Give back exactly the lines of the material below, starting with the line with "Morgenblatt für gebildete" and going on through the line with "Bear Leader 2-6".

Given entries>
::::

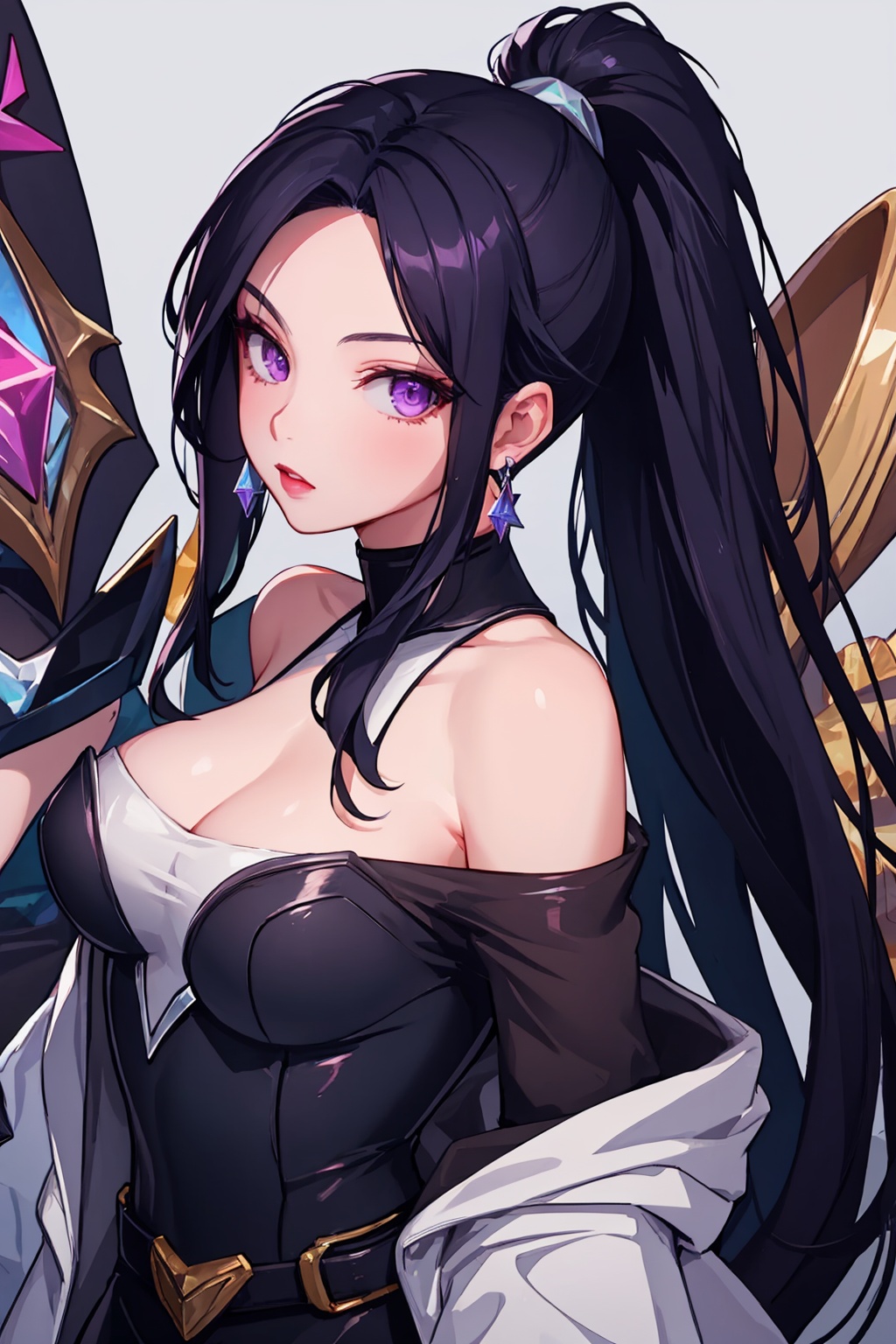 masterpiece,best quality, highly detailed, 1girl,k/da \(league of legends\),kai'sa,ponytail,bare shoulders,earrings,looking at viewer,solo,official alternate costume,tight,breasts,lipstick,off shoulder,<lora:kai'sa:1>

::::

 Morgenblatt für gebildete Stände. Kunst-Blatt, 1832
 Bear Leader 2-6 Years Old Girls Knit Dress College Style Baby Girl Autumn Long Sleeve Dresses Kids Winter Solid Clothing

::::

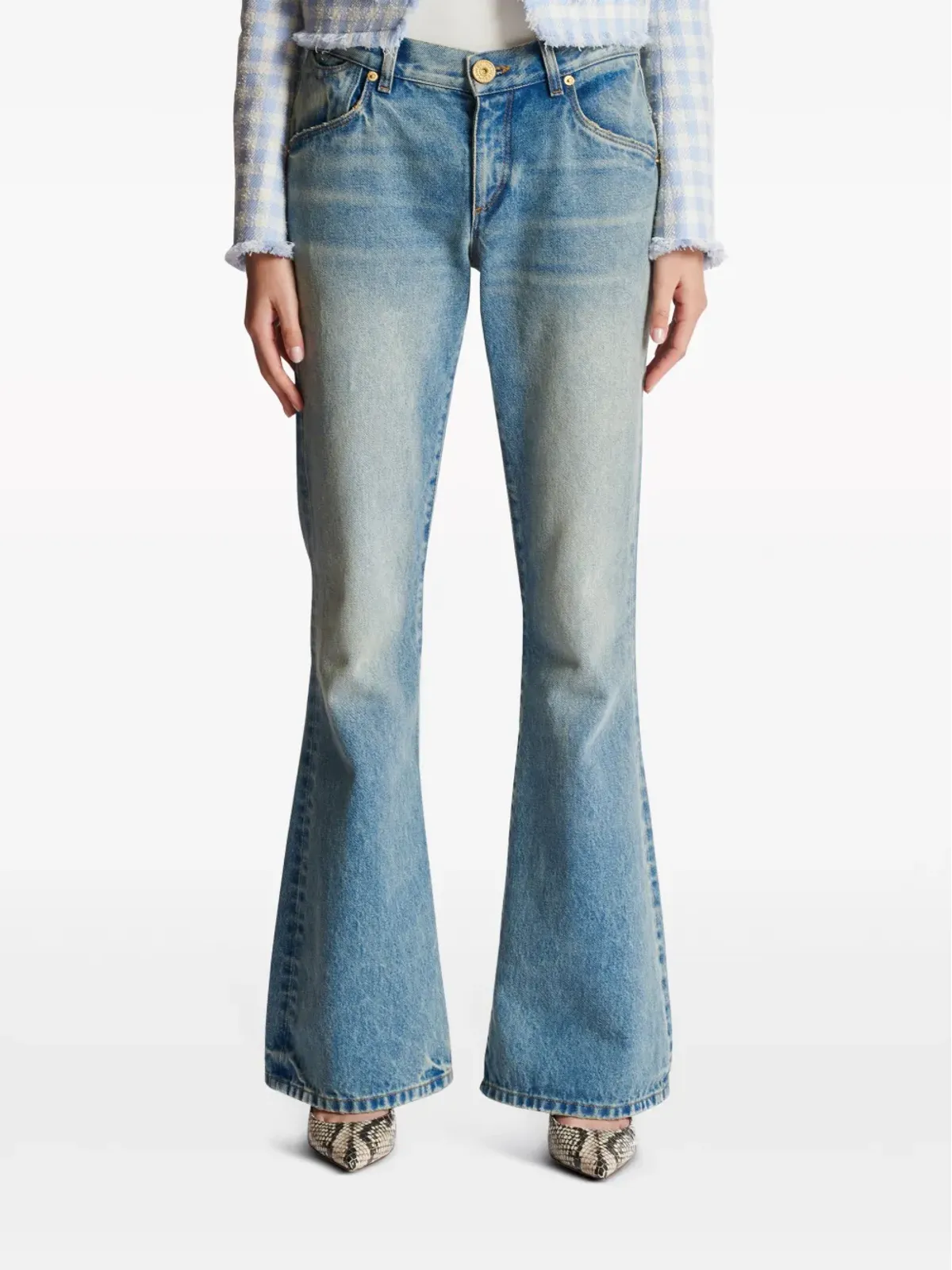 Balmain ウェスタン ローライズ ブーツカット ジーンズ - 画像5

::::

Exercise answer>
 Morgenblatt für gebildete Stände. Kunst-Blatt, 1832
 Bear Leader 2-6 Years Old Girls Knit Dress College Style Baby Girl Autumn Long Sleeve Dresses Kids Winter Solid Clothing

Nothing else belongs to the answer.